Aside from skits, Cathy’s role as one of the leaders is one of Support, mainly in food and beverage. Her would be testimony would have been the most time spent in front of the microphone. The teachings and “messages” are delivered by trained Catholics youth ministers such as myself and others.

However I do appreciate your frankness tequilamac and maybe that is the responsible option I have shied away from. You do make a hard point we as leaders will have to consider, because even if Cathy is not involved in teaching, many of our teens look up to her and come to her for advice.

However, I would still like to have something to say to her that would demonstrate that the Church cherishes life, planned or not.
 
The answer to Cathy’s question is that God can make good come out of the bad decisions we make.

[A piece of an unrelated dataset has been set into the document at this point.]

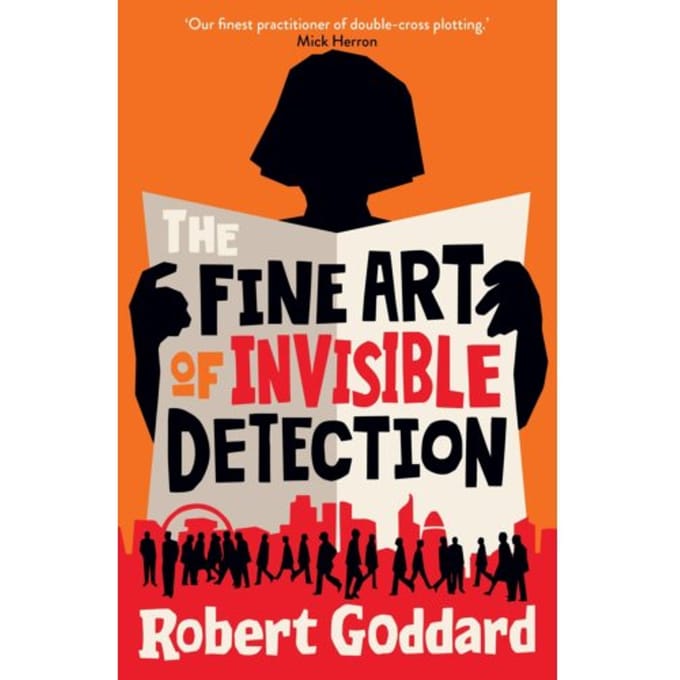 The Fine Art Of Invisible Detection - Robert Goddard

It sounds like she is on the right track and that her children helped her “see the light.” While having premarital sex was a bad thing, her children are God’s way of making good come into her life, as she herself acknowledges. And that’s the testimony she has to give–and a very uplifting one it is too! 🙂
 
We are all children of Adam and Eve, all born with the stain of their original sin. It doesn’t get any worse than that. It is, however, as the Easter Vigil puts it “the happy sin” and the “necessary sin of Adam” that won for us our Beloved Savior!

You can tell your students that every time they look at a crucifix, they need to remember one thing: Jesus showed that God can take the worst thing in the world, even the worst thing anyone ever did, and turn it into the best thing. All that is required is that we remain faithful, as He did. The power of God can be trusted to do the rest.

As for Cathy, she does not know what God had in store for her had she had her children within a sacramental marriage to a man who could have helped her raise them, who could have cherished her and revered her as the mother of those beautiful children should have been cherished and revered. We never know what would have been. We only know what was. It is a wonderful testament to her trust in God that He brought her a life she cherishes, even lacking a man to be husband to her and father to his own and her own children.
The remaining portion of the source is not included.